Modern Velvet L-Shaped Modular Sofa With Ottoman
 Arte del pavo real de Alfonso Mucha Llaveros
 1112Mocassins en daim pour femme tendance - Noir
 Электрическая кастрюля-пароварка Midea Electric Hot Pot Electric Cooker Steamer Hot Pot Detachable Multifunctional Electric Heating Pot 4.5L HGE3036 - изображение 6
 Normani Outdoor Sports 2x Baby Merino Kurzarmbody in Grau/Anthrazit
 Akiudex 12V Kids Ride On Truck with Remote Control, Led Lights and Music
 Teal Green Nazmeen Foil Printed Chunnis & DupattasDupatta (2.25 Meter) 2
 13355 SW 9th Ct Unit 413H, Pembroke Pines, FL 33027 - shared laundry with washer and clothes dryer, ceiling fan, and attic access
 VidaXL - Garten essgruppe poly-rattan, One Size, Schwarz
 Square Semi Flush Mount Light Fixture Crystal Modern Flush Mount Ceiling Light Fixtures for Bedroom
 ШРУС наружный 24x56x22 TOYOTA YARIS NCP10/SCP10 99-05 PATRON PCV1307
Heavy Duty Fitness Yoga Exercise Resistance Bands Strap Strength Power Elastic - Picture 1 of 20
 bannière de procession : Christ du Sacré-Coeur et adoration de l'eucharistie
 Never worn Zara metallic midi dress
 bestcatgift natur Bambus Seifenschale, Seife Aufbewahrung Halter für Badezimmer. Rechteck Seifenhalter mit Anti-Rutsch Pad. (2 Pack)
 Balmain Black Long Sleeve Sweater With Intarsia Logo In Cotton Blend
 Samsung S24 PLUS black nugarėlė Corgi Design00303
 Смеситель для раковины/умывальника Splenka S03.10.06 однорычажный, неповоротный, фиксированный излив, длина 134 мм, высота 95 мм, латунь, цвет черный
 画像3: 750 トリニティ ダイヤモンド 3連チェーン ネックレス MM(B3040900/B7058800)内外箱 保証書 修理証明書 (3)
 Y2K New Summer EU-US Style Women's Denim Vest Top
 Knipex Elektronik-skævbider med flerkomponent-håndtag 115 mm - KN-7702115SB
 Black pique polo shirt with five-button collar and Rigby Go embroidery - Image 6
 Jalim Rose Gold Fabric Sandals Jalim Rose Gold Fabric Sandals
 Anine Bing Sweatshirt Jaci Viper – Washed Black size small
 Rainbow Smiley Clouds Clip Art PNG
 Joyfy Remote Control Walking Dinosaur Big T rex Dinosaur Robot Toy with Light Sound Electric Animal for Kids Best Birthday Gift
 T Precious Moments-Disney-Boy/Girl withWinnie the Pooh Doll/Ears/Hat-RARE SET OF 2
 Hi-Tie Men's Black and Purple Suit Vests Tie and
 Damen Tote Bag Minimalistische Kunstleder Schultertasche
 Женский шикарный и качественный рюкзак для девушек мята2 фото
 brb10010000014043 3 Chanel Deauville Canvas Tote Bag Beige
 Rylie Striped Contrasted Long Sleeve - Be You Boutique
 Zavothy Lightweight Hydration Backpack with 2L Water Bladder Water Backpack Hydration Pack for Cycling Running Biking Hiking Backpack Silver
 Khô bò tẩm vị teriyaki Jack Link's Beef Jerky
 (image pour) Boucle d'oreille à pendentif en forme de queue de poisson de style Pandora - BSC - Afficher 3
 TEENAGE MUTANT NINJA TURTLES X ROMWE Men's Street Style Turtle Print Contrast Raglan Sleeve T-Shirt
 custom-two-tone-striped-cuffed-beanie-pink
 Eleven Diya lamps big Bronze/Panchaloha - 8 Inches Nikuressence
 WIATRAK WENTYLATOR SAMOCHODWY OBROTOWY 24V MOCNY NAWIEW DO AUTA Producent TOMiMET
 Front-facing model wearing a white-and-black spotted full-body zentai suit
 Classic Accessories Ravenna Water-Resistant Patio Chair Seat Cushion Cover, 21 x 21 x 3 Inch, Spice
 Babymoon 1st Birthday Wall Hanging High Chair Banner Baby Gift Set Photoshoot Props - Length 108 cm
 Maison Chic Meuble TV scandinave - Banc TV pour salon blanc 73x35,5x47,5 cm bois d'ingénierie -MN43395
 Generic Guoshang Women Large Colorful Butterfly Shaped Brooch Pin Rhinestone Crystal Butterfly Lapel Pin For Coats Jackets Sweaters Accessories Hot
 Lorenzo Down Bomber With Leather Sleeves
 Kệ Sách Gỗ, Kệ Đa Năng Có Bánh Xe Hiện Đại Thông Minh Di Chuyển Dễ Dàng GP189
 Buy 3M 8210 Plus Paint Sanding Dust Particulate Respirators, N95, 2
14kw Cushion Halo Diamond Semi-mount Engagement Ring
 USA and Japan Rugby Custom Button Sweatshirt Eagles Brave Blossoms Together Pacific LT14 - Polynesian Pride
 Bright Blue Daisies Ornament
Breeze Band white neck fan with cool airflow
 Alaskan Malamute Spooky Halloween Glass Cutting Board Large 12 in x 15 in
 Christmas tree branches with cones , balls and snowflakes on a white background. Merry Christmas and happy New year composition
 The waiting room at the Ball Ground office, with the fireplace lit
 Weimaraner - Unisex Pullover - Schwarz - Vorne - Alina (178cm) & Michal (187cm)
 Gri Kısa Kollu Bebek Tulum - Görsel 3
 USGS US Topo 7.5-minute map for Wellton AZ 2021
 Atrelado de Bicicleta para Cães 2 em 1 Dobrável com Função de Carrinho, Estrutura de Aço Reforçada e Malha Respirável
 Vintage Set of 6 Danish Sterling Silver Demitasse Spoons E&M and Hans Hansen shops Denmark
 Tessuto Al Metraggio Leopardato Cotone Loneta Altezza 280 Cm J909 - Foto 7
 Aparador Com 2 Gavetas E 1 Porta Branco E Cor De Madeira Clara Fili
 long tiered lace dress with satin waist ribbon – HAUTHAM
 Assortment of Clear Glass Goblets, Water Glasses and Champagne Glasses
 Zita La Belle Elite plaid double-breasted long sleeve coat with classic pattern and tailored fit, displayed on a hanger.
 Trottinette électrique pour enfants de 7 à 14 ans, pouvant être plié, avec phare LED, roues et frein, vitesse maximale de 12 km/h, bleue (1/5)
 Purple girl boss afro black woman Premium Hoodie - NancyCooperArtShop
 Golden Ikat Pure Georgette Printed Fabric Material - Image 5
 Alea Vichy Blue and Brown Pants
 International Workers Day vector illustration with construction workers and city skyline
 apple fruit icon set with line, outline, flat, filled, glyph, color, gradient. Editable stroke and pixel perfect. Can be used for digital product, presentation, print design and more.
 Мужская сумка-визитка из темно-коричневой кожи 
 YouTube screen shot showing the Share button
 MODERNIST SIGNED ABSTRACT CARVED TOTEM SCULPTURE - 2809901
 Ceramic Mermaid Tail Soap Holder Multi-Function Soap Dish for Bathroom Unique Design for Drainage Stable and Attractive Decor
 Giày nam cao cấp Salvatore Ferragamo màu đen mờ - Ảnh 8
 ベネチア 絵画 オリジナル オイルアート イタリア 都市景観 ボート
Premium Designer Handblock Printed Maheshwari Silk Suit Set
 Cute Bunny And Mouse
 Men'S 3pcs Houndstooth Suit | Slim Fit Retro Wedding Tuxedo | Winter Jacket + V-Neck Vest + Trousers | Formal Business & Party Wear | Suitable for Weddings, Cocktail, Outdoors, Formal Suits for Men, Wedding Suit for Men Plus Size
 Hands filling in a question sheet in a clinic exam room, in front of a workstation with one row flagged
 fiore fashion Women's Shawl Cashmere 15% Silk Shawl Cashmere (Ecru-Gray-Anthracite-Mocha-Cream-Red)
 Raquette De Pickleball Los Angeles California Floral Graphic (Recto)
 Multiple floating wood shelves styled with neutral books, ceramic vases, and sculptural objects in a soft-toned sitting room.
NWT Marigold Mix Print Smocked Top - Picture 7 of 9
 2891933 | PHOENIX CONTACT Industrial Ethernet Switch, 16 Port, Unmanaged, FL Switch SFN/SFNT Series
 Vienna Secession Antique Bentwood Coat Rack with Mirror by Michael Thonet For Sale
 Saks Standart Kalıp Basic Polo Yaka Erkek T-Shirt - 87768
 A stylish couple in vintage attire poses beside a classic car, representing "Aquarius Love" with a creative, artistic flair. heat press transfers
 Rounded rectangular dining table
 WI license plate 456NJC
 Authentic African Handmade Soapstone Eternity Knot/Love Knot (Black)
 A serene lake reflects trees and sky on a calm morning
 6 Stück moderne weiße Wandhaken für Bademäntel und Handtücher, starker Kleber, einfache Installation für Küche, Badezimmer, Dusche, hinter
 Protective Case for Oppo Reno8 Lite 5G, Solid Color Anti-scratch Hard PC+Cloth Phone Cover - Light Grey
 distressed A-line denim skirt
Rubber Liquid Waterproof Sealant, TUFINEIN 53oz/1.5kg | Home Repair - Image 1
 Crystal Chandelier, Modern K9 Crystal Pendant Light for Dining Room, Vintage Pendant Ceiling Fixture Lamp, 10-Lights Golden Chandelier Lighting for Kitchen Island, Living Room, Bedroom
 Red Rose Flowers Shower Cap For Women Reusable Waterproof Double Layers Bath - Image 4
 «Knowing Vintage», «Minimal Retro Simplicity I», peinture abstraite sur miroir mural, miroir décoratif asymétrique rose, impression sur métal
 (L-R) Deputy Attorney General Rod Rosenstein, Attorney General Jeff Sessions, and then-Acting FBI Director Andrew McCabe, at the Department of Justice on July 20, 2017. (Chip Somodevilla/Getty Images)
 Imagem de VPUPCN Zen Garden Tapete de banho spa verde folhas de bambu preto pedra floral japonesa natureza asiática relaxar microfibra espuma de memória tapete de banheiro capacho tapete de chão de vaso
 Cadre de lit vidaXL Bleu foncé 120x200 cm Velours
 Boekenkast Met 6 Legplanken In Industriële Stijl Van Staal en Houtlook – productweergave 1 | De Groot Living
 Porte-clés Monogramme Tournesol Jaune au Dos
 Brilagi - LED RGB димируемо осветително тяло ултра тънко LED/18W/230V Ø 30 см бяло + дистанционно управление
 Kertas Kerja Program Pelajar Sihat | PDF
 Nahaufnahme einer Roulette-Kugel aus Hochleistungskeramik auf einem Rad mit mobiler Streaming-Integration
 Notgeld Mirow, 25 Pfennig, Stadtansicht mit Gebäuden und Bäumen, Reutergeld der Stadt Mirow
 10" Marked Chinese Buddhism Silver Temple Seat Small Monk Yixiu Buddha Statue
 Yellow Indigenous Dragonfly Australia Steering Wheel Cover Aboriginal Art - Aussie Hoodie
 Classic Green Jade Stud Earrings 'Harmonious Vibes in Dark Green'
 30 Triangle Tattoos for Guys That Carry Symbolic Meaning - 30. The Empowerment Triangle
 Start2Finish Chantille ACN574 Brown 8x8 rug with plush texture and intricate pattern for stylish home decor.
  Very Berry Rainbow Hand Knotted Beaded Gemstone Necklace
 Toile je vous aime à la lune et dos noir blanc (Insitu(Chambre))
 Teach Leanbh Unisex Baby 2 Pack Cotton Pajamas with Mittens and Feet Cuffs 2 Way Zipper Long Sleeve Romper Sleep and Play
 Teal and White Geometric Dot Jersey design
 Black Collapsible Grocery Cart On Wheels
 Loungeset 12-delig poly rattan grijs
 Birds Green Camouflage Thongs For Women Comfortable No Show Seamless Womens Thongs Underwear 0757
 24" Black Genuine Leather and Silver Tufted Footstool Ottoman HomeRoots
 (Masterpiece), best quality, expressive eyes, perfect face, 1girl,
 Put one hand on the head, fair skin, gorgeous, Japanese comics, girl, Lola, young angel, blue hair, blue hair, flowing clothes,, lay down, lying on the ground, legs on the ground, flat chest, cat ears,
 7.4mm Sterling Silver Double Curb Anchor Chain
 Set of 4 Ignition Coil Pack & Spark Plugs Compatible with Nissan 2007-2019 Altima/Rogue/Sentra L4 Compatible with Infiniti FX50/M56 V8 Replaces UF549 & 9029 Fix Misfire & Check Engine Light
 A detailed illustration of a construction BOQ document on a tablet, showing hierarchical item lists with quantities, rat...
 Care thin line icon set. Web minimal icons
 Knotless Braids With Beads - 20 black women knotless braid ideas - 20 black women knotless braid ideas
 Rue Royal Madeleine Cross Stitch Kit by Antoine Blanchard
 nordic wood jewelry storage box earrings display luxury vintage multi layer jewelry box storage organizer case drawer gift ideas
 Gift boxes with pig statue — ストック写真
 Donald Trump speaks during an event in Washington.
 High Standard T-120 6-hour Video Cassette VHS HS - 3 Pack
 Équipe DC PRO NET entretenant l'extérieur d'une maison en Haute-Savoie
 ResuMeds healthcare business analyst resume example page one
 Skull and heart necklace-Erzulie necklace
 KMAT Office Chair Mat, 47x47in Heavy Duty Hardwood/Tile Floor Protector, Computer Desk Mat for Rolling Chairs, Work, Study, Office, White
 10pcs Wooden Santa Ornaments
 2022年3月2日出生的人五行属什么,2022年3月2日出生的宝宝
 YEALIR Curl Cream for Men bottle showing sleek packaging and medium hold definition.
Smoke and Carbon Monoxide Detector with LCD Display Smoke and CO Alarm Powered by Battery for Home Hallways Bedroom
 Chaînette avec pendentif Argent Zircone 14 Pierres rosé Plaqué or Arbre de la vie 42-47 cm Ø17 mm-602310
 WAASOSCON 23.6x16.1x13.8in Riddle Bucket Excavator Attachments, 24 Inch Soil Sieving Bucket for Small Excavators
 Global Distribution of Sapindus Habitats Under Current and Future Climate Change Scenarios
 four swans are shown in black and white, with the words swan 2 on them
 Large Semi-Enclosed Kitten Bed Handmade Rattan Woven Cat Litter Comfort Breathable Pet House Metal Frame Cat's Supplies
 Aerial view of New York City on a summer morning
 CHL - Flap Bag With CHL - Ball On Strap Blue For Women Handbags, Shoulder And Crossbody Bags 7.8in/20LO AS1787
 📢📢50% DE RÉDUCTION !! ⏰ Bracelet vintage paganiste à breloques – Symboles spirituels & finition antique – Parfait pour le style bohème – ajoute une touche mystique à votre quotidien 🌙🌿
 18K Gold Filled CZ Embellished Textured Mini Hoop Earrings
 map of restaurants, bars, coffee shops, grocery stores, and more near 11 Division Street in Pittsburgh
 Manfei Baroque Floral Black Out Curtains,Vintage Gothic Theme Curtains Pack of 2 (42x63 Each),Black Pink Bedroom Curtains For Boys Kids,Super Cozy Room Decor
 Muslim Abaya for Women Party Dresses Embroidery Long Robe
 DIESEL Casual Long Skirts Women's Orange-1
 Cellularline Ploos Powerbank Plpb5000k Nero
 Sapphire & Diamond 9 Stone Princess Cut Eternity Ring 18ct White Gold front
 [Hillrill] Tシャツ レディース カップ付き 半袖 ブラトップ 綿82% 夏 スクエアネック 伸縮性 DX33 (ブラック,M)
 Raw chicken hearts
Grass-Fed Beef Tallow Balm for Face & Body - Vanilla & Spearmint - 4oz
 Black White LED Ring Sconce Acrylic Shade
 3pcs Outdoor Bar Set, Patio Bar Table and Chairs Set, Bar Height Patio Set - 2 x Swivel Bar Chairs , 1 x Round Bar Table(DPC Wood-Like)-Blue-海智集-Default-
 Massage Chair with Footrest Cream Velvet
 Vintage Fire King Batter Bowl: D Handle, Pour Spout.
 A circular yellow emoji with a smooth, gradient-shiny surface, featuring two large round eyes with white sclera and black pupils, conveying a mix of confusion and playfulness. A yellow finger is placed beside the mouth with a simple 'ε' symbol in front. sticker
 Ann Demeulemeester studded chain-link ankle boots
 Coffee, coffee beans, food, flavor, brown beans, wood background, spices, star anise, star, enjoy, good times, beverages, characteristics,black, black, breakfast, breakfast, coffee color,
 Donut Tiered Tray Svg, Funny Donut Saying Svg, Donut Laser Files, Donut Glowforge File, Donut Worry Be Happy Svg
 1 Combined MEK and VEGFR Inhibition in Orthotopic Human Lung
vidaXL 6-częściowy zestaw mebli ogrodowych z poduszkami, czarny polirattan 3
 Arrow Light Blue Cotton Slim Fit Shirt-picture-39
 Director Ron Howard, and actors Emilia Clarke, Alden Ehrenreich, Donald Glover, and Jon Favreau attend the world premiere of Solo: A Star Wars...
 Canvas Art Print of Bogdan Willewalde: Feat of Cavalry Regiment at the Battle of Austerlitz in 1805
+---+
What to produce: Would you retype the lines above from the one with "fiore fashion Women's" down to the one with "Raquette De Pickleball", word for word, both ends included and no other lines?

Completed exercise:
 fiore fashion Women's Shawl Cashmere 15% Silk Shawl Cashmere (Ecru-Gray-Anthracite-Mocha-Cream-Red)
 Raquette De Pickleball Los Angeles California Floral Graphic (Recto)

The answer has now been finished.